People used to rightly understand that youth who perform poorly academically were best suited to vocational training from an early age. When I attended high school, there were clear vocational tracks for such students. I remember seeing some of my fellows heading off to classes in auto repair or other such hands-on practical training in trades. There was no insult in such vocational tracking. It was widely recognized as an unqualified good for everyone involved, for those students as well as for the rest of society, which desperately needed such workers. It’s still true today.

But we moved away from our former commitment to this kind of vocational education. The justifications given were that it was unjust to educationally track students based on their aptitudes, that much of that trade work was made obsolete by technological progress, and that new immigrant labor pools were better suited to those fields.

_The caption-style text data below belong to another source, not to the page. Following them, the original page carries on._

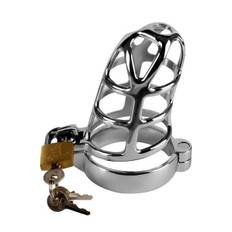 Lovetoy Detained Metal Chastity Cage
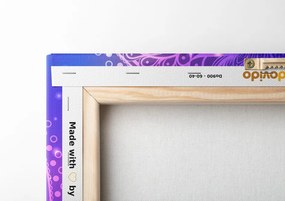 Quadro su tela – Mandala indiana con sfondo galattico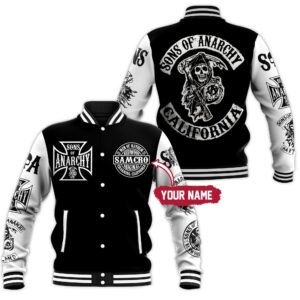 Sons Of Anarchy New Bomber Baseball Jacket For Fan - bazzada Store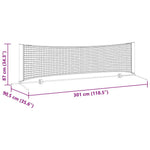 Tennis Nett Svart Og Rød 301 X 90,5 X 87 Cm Polyester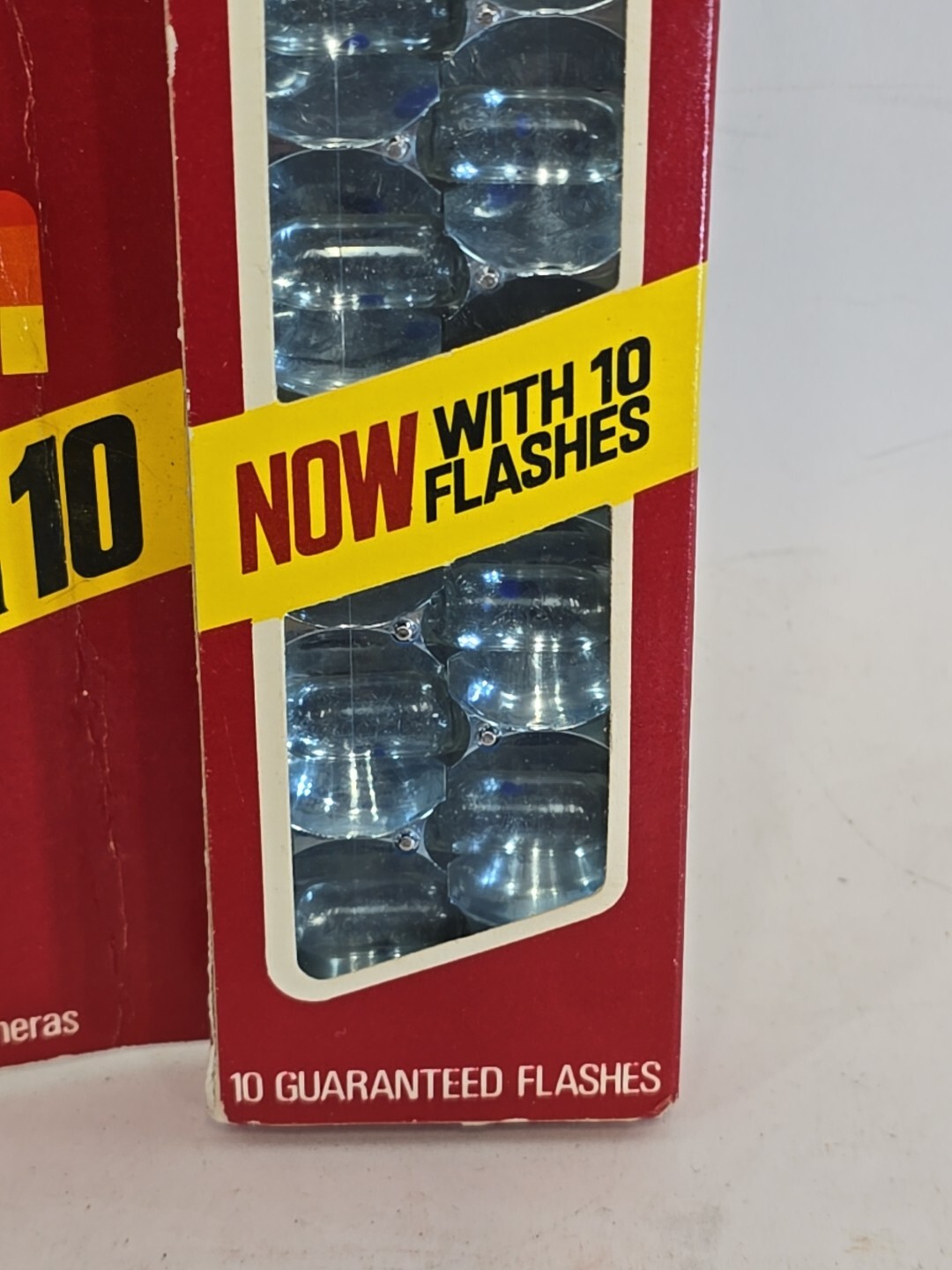 Sylvania Blue Dot Flip Flash Super 10 Flashes Sealed Collectible Package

But the arguments about technology were at best half-accurate, as many manual trades today are just as accessible to the 18-year-old of average intelligence as they were in the 1980s. And the competing immigration market argument is a smokescreen. If there are manual occupations suitable for the portion of American youth of which I am speaking here, why as a country are we allowing the interests of employers to chase them out of those fields by bringing in waves of uneducated migrants whom they can more easily exploit than native-born workers?

The manner in which the left has systemically distorted American labor markets through the immigration rules they have imposed plays a tremendous role in buttressing their claims about education. In this manner, they can reward their corporate donors and their public-sector education union bureaucrats. They are also satisfying the voracious appetite of the American diversity apparatus and extending the period of youth indoctrination into the progressive worldview. Even if many students remain utterly academically incapable, some can at least be shuttled into DEI jobs. Universal Basic Income is coming for the remainder. 

Fitzpatrick, predictably, does not discuss any of this. Her index contains only two fleeting hits for “immigration.” Neither points to this relationship between progressive support for always-expanding public education and our wide-open borders. Progressive histories never fail in this way to occlude the real ends of progressivism.